* Problem details *
Your answer must hold only the lines below from the line containing "3528灯珠, led灯珠厂家广东台宏光电科技有限公司 服务热线400-689-8189" through the line containing "ヨネックス YONEX テニスウェア", each reproduced exactly.

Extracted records
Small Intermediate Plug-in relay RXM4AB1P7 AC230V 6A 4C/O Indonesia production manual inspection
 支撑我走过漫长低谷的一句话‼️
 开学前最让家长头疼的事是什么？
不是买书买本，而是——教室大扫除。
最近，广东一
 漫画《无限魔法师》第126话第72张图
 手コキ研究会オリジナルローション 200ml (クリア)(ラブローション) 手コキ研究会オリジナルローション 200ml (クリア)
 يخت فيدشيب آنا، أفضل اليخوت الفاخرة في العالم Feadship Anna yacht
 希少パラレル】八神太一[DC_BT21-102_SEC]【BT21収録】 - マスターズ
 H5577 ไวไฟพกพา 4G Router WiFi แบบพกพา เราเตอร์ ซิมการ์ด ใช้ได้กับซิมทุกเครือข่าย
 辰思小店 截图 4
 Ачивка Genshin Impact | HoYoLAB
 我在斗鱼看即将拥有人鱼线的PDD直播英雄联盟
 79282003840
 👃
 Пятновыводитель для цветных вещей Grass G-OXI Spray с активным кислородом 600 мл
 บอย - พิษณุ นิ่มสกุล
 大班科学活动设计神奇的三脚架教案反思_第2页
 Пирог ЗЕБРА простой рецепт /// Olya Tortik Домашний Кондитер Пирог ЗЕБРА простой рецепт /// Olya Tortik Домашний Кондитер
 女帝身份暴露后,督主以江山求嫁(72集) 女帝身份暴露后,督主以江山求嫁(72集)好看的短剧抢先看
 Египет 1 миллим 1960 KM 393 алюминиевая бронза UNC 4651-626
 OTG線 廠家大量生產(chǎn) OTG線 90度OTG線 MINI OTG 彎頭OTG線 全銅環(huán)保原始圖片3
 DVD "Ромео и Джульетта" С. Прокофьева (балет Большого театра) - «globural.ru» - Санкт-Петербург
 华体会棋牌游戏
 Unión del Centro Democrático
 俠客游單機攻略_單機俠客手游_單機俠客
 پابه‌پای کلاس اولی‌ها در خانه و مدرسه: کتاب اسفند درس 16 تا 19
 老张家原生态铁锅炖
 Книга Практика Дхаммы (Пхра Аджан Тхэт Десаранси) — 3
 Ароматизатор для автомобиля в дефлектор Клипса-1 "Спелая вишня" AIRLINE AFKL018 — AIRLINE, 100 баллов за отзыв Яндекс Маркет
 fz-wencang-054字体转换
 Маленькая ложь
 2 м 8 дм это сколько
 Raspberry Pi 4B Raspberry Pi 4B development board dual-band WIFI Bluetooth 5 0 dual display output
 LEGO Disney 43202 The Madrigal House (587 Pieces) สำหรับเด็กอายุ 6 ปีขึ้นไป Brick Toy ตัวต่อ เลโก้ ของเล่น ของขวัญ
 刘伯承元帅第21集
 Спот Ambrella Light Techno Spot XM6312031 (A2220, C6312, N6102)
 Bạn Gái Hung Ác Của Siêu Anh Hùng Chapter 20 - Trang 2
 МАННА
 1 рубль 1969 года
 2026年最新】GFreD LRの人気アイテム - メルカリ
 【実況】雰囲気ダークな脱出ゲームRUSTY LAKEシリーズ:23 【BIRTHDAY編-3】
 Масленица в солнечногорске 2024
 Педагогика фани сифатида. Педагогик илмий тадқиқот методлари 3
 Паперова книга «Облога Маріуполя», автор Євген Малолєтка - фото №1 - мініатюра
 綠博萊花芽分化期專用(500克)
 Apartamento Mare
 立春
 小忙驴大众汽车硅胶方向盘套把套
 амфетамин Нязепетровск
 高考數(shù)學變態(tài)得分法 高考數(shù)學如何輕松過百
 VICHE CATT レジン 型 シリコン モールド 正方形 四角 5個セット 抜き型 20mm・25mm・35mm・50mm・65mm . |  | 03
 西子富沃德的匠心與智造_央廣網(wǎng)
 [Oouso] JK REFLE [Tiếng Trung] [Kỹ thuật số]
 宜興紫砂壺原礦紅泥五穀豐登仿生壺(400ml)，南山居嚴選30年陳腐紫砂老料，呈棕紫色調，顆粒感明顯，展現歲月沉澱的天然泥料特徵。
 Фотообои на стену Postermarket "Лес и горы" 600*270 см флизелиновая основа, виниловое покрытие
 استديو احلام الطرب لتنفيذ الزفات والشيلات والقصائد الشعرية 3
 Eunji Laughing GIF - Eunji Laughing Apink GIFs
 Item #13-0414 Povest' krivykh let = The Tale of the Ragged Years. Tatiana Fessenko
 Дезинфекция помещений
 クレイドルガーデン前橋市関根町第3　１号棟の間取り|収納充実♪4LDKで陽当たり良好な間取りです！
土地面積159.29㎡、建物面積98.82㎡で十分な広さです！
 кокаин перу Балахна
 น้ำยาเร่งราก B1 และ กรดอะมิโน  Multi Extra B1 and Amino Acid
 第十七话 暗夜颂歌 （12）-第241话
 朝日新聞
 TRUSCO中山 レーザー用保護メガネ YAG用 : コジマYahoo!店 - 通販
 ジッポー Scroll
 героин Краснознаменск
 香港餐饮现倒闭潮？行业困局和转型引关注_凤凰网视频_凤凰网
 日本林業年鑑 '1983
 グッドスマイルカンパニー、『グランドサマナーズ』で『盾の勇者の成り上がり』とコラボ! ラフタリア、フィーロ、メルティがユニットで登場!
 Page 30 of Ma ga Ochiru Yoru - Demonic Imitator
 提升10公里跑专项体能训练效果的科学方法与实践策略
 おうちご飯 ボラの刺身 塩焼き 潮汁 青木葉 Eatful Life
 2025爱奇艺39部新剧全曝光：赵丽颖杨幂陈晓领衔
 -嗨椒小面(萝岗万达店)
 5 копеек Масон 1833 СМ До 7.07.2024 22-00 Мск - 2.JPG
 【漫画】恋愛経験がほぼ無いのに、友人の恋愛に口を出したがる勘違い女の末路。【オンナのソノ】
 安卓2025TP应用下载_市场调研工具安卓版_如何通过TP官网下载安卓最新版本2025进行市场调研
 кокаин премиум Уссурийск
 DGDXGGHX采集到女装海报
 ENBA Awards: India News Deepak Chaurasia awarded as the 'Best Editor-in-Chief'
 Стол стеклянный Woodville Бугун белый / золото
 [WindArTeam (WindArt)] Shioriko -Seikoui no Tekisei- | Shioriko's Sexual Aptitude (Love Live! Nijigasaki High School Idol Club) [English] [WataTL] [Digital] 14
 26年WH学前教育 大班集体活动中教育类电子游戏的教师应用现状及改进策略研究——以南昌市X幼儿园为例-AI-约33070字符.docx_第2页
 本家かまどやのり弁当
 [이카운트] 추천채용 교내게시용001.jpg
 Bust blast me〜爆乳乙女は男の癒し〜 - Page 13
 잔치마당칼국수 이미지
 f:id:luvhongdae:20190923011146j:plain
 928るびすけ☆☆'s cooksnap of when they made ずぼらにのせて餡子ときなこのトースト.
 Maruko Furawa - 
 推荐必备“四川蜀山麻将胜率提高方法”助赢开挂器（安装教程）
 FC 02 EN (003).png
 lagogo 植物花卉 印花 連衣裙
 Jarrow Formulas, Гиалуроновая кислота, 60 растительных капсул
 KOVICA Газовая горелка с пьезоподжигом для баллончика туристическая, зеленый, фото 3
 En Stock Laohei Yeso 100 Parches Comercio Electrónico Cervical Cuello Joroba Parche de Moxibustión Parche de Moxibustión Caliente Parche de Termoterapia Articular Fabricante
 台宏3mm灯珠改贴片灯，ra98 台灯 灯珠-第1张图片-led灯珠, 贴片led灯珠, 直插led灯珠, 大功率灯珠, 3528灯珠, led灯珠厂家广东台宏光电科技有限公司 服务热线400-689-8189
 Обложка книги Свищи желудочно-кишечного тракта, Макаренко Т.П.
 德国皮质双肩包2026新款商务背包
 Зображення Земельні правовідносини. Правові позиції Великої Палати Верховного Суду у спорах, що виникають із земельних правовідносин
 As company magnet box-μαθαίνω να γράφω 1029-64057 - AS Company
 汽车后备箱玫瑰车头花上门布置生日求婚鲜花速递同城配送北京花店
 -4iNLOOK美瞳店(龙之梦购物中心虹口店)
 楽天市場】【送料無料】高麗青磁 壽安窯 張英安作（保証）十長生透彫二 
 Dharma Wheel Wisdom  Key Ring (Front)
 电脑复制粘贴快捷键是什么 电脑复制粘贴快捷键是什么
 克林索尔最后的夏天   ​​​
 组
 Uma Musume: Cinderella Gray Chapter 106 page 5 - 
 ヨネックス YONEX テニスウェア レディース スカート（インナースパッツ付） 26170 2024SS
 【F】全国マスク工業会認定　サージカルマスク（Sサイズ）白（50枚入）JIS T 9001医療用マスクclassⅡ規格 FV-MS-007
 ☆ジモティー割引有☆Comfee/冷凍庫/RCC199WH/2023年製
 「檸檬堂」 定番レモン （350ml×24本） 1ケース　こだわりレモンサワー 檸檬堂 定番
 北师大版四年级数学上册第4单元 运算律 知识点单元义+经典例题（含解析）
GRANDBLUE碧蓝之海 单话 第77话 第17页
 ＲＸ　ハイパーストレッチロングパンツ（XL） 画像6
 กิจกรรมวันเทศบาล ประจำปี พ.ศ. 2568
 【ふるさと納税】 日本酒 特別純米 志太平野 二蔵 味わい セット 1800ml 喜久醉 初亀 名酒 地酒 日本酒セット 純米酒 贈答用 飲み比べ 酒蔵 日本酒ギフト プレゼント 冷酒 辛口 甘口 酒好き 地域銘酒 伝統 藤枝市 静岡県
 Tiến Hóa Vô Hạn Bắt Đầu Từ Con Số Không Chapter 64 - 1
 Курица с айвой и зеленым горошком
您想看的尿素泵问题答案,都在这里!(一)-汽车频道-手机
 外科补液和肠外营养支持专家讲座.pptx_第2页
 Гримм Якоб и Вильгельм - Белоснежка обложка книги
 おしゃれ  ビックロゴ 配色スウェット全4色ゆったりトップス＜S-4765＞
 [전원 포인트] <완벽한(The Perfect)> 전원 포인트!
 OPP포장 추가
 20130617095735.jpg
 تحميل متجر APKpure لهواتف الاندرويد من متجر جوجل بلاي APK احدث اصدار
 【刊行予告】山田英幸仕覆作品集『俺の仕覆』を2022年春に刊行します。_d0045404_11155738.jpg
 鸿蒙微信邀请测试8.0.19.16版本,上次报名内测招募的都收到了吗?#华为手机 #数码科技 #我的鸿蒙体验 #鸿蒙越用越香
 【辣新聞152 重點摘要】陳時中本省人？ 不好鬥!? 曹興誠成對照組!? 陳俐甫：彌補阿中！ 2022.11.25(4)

* Output for this task *
 台宏3mm灯珠改贴片灯，ra98 台灯 灯珠-第1张图片-led灯珠, 贴片led灯珠, 直插led灯珠, 大功率灯珠, 3528灯珠, led灯珠厂家广东台宏光电科技有限公司 服务热线400-689-8189
 Обложка книги Свищи желудочно-кишечного тракта, Макаренко Т.П.
 德国皮质双肩包2026新款商务背包
 Зображення Земельні правовідносини. Правові позиції Великої Палати Верховного Суду у спорах, що виникають із земельних правовідносин
 As company magnet box-μαθαίνω να γράφω 1029-64057 - AS Company
 汽车后备箱玫瑰车头花上门布置生日求婚鲜花速递同城配送北京花店
 -4iNLOOK美瞳店(龙之梦购物中心虹口店)
 楽天市場】【送料無料】高麗青磁 壽安窯 張英安作（保証）十長生透彫二 
 Dharma Wheel Wisdom  Key Ring (Front)
 电脑复制粘贴快捷键是什么 电脑复制粘贴快捷键是什么
 克林索尔最后的夏天   ​​​
 组
 Uma Musume: Cinderella Gray Chapter 106 page 5 - 
 ヨネックス YONEX テニスウェア レディース スカート（インナースパッツ付） 26170 2024SS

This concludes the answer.